Migrating From LPG to RDF Graph Model

Ontotext
11 min readMay 8, 2024

--

This post discusses approaches and techniques to migrate an LPG model to an RDF model along with data and query migration.

In the first part of this series, we discussed the basics of LPG and graph models and their pros and cons in building. The second part of the series discusses how to migrate LPG models to RDF as well as the associated data and queries. knowledge graphs

LPG to RDF Migration

In the first part of this series, we discussed the basics of LPG and RDF graph models and their pros and cons in building knowledge graphs. The second part of the series discusses how to migrate LPG models to RDF as well as the associated data and queries.

LPG to RDF Migration

Migration from LPG to RDF involves migrating the data model, data, and query. In LPG, there is no schema, which often leads to data integrity issues and an implicit expectation that a node or edge with a given label will always have certain properties.

Contrastingly, in an RDF statement (a.k.a. triple) of Subject-Predicate-Object labels are human-readable, attached to “things”, while the predicate is universally identified “edge type” with associated constraints and multilingual labels. The Object can be a primitive (a “literal” in RDF terminology) or some other Subject.

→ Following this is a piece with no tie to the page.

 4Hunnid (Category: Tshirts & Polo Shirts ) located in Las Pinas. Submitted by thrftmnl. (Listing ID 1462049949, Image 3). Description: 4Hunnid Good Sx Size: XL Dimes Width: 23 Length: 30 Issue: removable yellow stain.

With RDF it is advisable to leverage OWL or familiar vocabulary of classes, inheritance, instances, and properties and use SHACL to specify data constraints and data integrity. To translate from LPG to RDF, one needs to obey the logical foundation of RDF, which is that every property, every edge is a logical statement about something. One can attach metadata to node properties and meta-metadata about them.

As always, we need to start small, iterate, test, and extend the model based on use cases and requirements without looking to make it complete and exhaustive at the beginning.

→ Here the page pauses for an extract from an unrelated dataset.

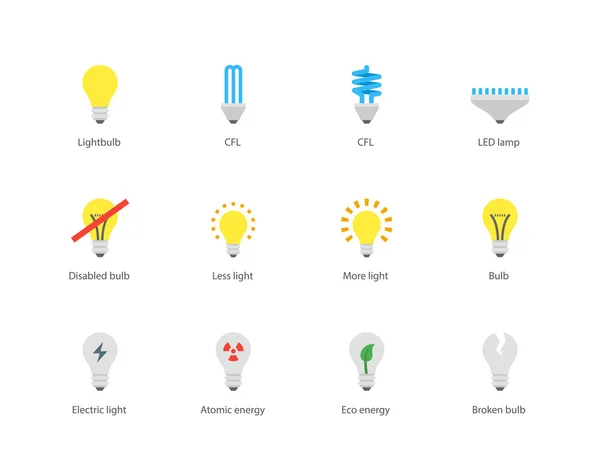 Žárovka a cfl lampa ikony na bílém pozadí. — Stockový vektor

Figure 1 shows the Semantic stack and components.

Example Scenario — Movie DB picture

Let us consider a fragment from the movies domain — the movie “Alice in Wonderland” — with actor, Johnny Depp, playing the role of the “Mad Hatter”. Figure 2 shows a side-by-side comparison of LPG and RDF data model for the movie domain.

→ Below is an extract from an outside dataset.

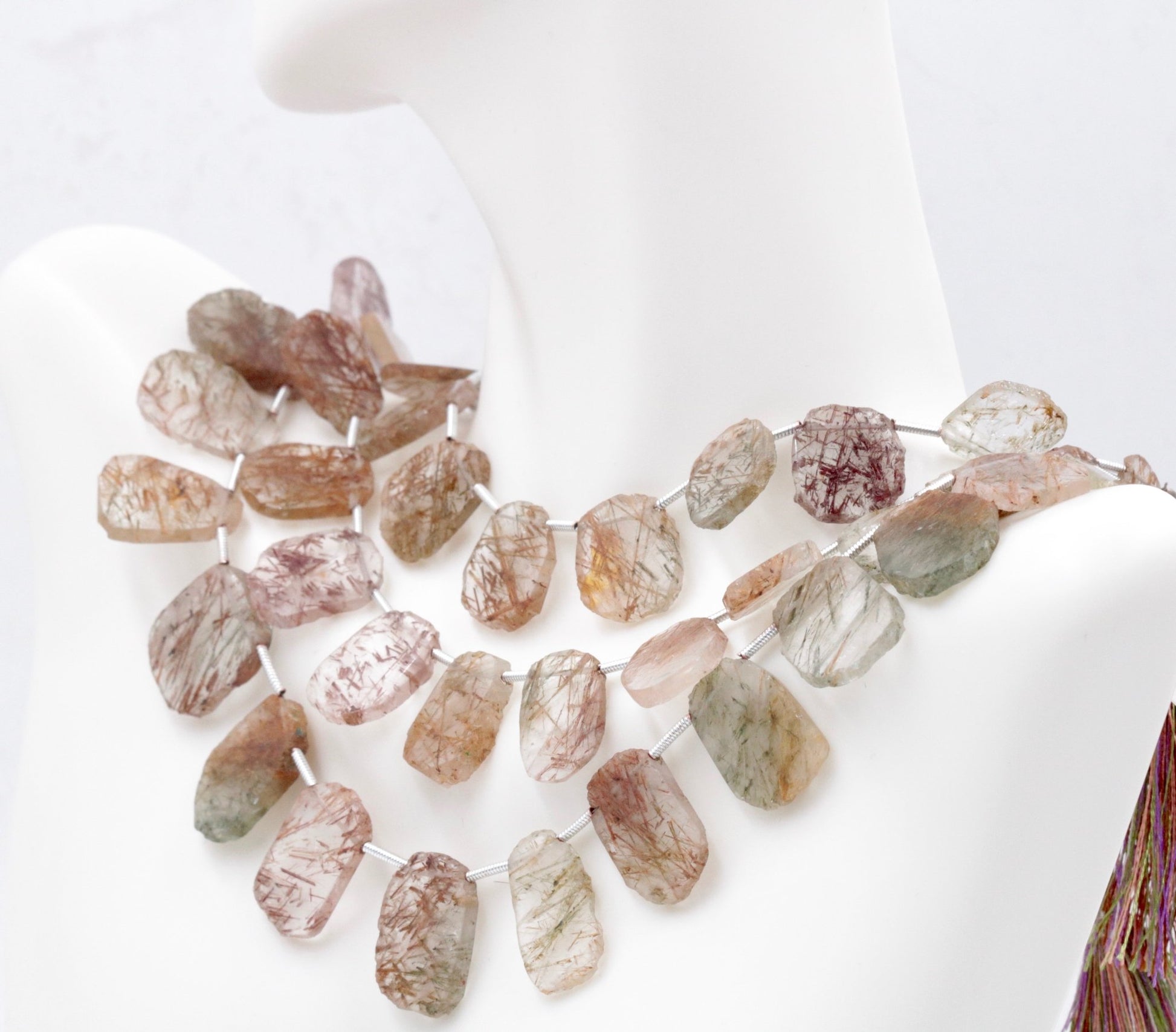 Multi Color Natural Rutile Quartz Necklace - Taj Mahal Gems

Some of the key modeling observations and differences between LPG and RDF include:

  • RDF are fine-grained: 2 nodes and 1 edge in LPG translates to 5 nodes and 6 edges in RDF.
  • Richness and verbosity of RDF allows having schema and metadata together, with access to them through the same query language.
  • Nodes in LPG translate to OWL instance entities while labels are modeled as OWL classes.
  • Node properties in LPG translate to data properties where the Object in the triple is a literal of primitive type.
  • Edges become object properties where the Object could be an individual entity.
  • Edge labels translate to OWL properties.
  • Edge properties can be modeled as statement properties.

Identifiers

In LPG nodes and edge identifiers are not universal. Contrastingly, in RDFs everything other than a literal (primitive type) and relationships have an associated universal identifier — URI (Unified Resource Identifier) or IRI. These can be lengthy, and prefixes are used to shorten them. For example:Person instead of http://www.example.com/ontology/Person

Node Labels to Classes

A node label in LPG can be translated to an OWL class in RDF. For example, the Person in the movie data can be declared in RDF as a triple like :Person a owl:Class.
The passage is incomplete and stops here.